Hundreds of thousands of Android users fell victim to malware embedded in QR code apps. According to researchers at SophosLab, the malware called Andr/HiddnAd-AJ was found in seven apps of which six were QR code reader apps and one was a smart compass app.

Although Google has already removed these apps from the Google Play Store, it was not before they were downloaded more than 500,000 times.

“The adware part of each app was embedded in what looks at first sight like a standard Android programming library that was itself embedded in the app.

“By adding an innocent-looking ‘graphics’ subcomponent to a collection of programming routines that you’d expect to find in a regular Android program, the adware engine inside the app is effectively hiding in plain sight,” said the report.

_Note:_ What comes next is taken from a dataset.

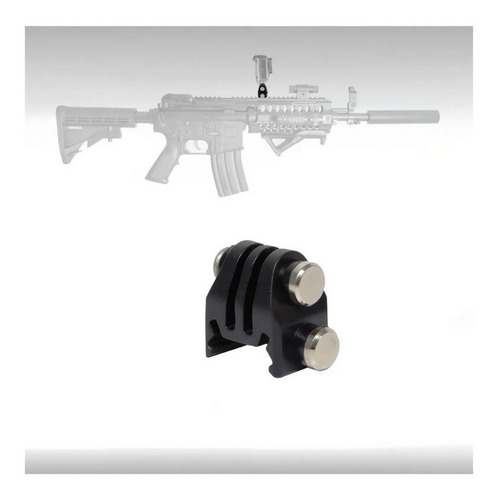 Montura De Gopro Para Riel Picatinny / Adaptador Airsoft Color Negro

Despite the malware, the apps still worked. The QR code readers, for instance, could still scan QR codes. So if a user was just trying out apps for fun and deleted it soon after, he or she won’t be exposed to the malware as it only kicked in six hours after the installation.

Users unlucky enough to continue using it were avalanched by adware that filled the entire screen and when they opened the web browser.

“For all its apparent innocence, however, this malware not only pops up ads, but can also send Android notifications, including clickable links to lure users into generating ad revenue for criminals,” the report stated.

Despite the hiccup, Sophos advises users to stick to Google Play as the company does at least carry out some pre-acceptance checks for apps and games.

“Many off-market Android app repositories have no checks at all – they’re open to anyone, which can be handy if you’re looking for unusual or highly specialised apps that wouldn’t make it onto Google Play. But unregulated app repositories are also risky, for all the same reasons,” it stated.